■ Data shown ■
※ ※ ※
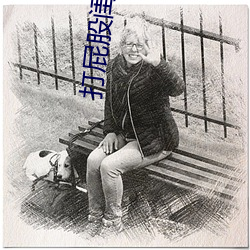凯时|AG(AsiaGaming)优质运营商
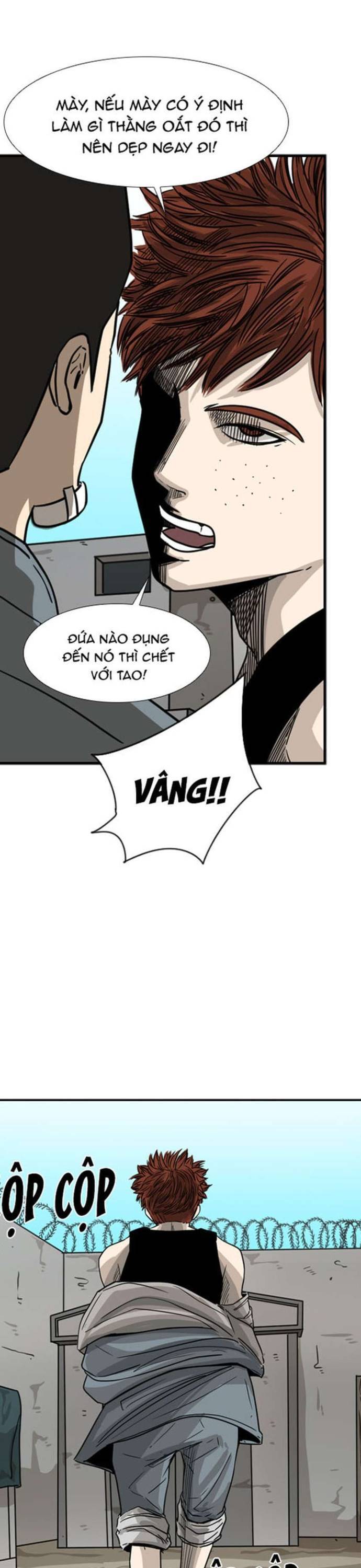 Chương 42 - Trang 19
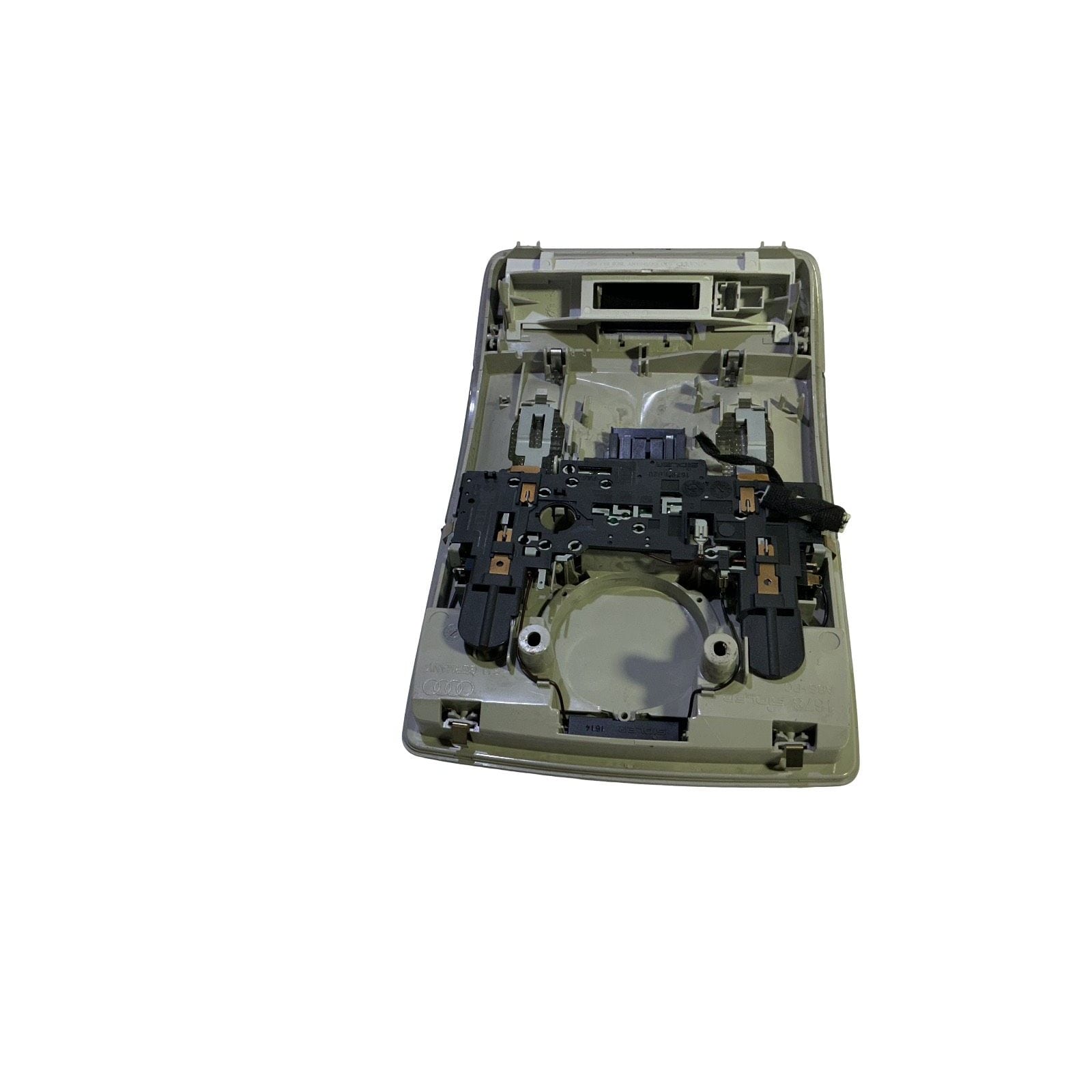 Miniatura 5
※ ※ ※
■ Your objective ■
Retype all of the material above exactly; the pictures stay out.

■ Response ■
凯时|AG(AsiaGaming)优质运营商
 Chương 42 - Trang 19
 Miniatura 5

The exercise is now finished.